The rich A-hole version of Cisco (Carlos Valdes) was also hilarious. It’s basically Cisco with no filter and an ego the size of Central City. Maybe if Cisco Prime weren’t so distracted helping save the world every day, he could finally break big and start dating those supermodels he deserves. The alt-version of Caitlin as an eye doctor was also an interesting twist, though she mostly serves as set dressing for this episode (which follows a pattern of the past few seasons, sadly). But still, having her randomly be an eye doctor was a funny twist. Barry’s semi-kidnapping, and Caitlin’s deadpan confusion to the whole thing, were also handled well. She was just happy to be along for the ride.
But the real prize this episode goes to Matt Letscher’s Eobard Thawne. In this case he almost is the voice of reason, and manages to be fantastically menacing even while locked in a cage for 90 percent of the episode (and he seemed to be channeling a nice Hannibal Lecter vibe, too). He even gets to begrudgingly save reality itself, including literally dragging Barry back home. No matter how far this series goes, it’s nice to circle back and remember Barry’s true nemesis will always be the Reverse-Flash. Timey-wimey shenanigans be darned.

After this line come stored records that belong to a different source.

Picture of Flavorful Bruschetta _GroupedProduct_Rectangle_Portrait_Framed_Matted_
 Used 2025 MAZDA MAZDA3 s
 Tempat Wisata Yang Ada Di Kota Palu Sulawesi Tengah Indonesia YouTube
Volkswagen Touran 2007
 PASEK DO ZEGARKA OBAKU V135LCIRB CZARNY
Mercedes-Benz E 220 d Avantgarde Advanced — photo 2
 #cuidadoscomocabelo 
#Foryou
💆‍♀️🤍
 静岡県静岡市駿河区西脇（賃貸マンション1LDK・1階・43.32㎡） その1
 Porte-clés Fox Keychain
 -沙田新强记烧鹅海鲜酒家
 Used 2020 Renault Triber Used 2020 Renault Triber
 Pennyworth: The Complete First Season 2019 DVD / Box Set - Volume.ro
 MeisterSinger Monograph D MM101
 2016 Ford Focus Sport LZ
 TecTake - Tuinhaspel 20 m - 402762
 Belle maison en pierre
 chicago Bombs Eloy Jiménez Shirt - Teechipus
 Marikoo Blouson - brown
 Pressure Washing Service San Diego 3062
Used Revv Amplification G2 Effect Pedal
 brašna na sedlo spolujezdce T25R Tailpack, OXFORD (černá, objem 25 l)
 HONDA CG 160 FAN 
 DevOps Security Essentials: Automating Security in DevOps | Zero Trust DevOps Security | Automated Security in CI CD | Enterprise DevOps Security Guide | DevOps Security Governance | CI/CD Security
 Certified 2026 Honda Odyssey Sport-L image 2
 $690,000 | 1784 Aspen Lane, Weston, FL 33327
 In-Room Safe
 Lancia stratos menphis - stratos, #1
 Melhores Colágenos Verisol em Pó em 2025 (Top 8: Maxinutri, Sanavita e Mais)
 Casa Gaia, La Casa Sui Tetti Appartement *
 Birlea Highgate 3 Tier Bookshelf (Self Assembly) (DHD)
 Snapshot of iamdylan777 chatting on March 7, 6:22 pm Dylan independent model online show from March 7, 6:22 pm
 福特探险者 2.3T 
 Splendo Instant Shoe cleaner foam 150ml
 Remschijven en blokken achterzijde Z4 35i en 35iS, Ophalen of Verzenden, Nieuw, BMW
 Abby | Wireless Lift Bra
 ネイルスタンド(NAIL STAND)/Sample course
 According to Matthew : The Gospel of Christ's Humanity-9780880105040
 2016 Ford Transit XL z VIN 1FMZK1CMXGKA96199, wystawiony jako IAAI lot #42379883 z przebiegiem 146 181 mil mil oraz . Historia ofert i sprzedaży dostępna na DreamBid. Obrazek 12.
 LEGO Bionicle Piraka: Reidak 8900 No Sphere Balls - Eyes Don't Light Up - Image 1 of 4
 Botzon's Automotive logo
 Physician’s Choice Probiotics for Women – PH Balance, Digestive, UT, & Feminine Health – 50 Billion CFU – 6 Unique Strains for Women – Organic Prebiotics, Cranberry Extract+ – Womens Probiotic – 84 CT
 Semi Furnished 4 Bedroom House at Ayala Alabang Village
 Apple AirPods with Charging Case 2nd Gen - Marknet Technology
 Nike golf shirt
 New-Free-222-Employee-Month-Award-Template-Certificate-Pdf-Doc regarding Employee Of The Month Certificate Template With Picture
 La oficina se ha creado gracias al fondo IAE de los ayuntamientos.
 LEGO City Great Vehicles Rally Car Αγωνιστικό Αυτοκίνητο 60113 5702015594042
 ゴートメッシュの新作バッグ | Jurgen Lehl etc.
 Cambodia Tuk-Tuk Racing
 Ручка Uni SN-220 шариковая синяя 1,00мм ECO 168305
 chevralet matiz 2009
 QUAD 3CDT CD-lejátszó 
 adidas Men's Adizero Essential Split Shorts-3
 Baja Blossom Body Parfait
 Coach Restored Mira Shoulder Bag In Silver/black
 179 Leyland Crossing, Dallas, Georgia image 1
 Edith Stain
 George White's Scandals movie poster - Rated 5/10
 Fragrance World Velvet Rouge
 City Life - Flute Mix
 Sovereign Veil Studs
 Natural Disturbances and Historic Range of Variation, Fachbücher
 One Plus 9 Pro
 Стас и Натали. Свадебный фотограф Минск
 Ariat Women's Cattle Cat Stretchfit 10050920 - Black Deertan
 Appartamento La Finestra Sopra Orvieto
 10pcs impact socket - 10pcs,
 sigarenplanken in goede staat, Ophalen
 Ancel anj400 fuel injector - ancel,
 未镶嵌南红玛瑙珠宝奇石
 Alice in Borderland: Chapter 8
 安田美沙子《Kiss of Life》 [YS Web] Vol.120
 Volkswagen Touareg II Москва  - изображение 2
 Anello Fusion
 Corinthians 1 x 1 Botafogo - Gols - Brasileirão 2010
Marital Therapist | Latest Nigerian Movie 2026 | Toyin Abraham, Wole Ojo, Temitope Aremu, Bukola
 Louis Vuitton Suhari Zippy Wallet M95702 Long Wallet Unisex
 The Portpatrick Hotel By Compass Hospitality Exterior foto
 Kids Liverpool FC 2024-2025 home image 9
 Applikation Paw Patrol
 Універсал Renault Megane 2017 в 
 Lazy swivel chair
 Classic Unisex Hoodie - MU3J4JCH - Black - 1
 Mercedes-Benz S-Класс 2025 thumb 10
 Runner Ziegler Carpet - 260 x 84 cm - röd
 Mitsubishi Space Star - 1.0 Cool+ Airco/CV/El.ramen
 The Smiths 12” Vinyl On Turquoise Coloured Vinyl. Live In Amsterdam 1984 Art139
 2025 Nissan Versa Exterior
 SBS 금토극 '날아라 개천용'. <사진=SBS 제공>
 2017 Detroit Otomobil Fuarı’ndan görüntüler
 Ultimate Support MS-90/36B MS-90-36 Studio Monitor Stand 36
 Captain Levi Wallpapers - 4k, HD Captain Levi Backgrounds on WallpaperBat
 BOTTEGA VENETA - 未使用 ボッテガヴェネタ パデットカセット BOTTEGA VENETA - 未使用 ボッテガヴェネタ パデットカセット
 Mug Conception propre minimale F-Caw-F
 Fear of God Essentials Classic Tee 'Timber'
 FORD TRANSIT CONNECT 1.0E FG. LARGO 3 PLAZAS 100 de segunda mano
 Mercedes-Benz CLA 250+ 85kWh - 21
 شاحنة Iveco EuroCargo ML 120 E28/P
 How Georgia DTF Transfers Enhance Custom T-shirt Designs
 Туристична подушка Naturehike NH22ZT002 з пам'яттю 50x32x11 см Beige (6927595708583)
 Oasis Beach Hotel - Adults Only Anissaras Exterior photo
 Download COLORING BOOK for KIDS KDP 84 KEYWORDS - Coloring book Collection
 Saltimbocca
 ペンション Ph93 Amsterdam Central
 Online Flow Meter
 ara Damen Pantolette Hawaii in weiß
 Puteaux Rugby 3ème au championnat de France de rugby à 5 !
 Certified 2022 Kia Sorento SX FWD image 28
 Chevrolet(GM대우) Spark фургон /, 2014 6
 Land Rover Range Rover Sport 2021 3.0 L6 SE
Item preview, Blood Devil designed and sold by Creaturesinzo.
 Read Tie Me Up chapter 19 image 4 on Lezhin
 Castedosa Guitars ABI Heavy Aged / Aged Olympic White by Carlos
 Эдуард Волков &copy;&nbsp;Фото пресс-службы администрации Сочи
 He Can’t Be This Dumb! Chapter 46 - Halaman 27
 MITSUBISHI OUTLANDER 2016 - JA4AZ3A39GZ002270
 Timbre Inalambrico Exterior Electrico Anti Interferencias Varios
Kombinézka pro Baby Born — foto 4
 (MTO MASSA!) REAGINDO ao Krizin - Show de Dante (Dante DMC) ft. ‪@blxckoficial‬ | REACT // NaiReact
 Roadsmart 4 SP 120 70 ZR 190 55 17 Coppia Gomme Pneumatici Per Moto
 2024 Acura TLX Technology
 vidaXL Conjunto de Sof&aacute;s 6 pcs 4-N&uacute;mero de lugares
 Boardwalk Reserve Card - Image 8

The timeline just seemed off: So we’re supposed to believe Barry didn’t even bother to look up any of his old pals for three months? To the point he didn’t even realize Cisco was the equivalent of Steve Jobs in this reality? C’mon. If he’d been here for a few weeks, it’d be believable. But after three months, it’s hard to fathom Barry is still so clueless to this new reality he’s seemingly content to live with for the rest of his life. Leaving Barry that out of the loop just seemed like a contrived way to catch up the audience to this world.
Which, the way Barry was handled for much of the early episode left a lot to be desired. It’s certainly relatable that he’d want to just take a break and enjoy living a normal life here. But … doesn’t Barry enjoy being The Flash? He fought and almost killed himself last season to regain his powers. For what? So he could sit on the sidelines in this alt-reality? You could understand the sentiment, but the execution fell flat.
You knew they’d return things to some version of the status quo fairly quickly, but wrapping up the Flashpoint story in one episode felt a little rushed. There’s a ton of potential there, and with a 22-episode season, you’d think there could be at least a couple episodes of breathing room to dig into this world a bit more. If nothing else, to give us a few more team-ups with Kid Flash. This world had a lot of lingering questions that could’ve been fun to explore: Why was Joe an alcoholic? Where’s Eddie in this reality? Heck, we spent more time in Earth-2 last year than we did in the majorly hyped Flashpoint universe.
This being a season premiere, you knew it’d throw out some big questions — and “Flashpoint” didn’t disappoint. We now know the Reverse-Flash is still kicking around out there waiting in the wings, and as we saw in that closing scene, the world Barry returned to isn’t exactly the one he left behind. Why is Iris estranged from Joe (and seemingly everyone else)? Whatever happens, Iris has certainly proven to be Barry’s constant regardless of timeline (a plot point borrowed from the comic canon, and factored into this adaptation of Flashpoint), so it’ll be interesting to see how they bring her back into the fold. Here's hoping it's not just a ploy to keep them apart for another half season.
Also, what’s up with that post-credit scenes teasing Alchemy (a classic DC villain who has moonlighted as a Flash rogue in recent years)?
Line of the night: “Today, I get to be the hero.” -Reverse-Flash.